The Real Insight: Tokens Are a Proxy for Clarity

It took me a couple of hours with CodeBurn to realize I wasn't looking at a cost problem. I was looking at a mirror of my own thought process.

When I give the agent incomplete context, correction tokens spike. When the task is poorly defined, I enter loops. When the codebase doesn't have an updated CLAUDE.md, the agent reads more than it needs to infer what I should have just told it.

None of that is new as a principle — it's the same thing that happens when you delegate work to a person without giving them enough information. The difference is that with a person, the cost is invisible and deferred. With Claude Code, CodeBurn puts it in numbers right in your face.

I didn't start using Claude Code thinking about costs. I started because it genuinely accelerates my workflow. But now that I can measure, tokens have become the metric that tells me when my initial specification was solid and when I was being lazy.

Same logic as the internet café: I wasn't tracking time to optimize my hourly rate.
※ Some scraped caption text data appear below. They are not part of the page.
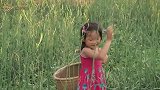 “我的家乡美·湘约马栏山”优秀短视频征集展示活动｜小县城也有诗和远方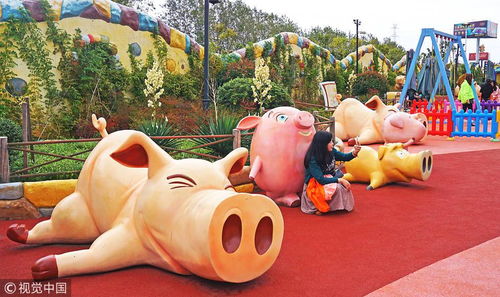 2019豬年,這些景點(diǎn)看豬 玩豬 保管你開(kāi)心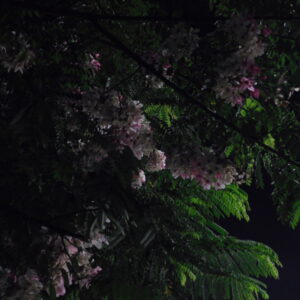 flowers  20 - زهور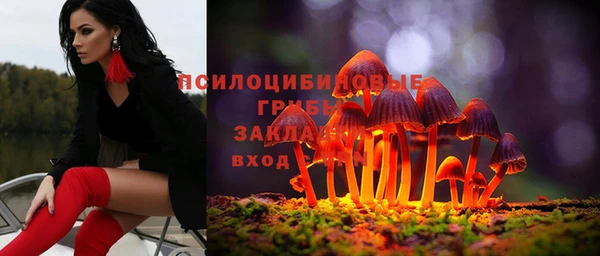 прущий лед Киреевск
I tracked it because it was the most honest signal of whether I'd actually understood the problem before I started moving.

If you're using Claude Code regularly, install CodeBurn or run the simple script. Not to cut costs — to see what kind of developer you are when you delegate work to a machine.

The numbers don't lie, even when they sting.

Top comments (1)

John • May 16

This is the framing I keep coming back to too: tokens per task is really a workflow quality metric, not just a cost metric.

The correction-vs-generation split is especially useful. If a session burns most of its budget on type fixes or missing dependency context, the fix usually is not “shorter prompts,” it is better task boundaries and a sharper project briefing before the agent starts.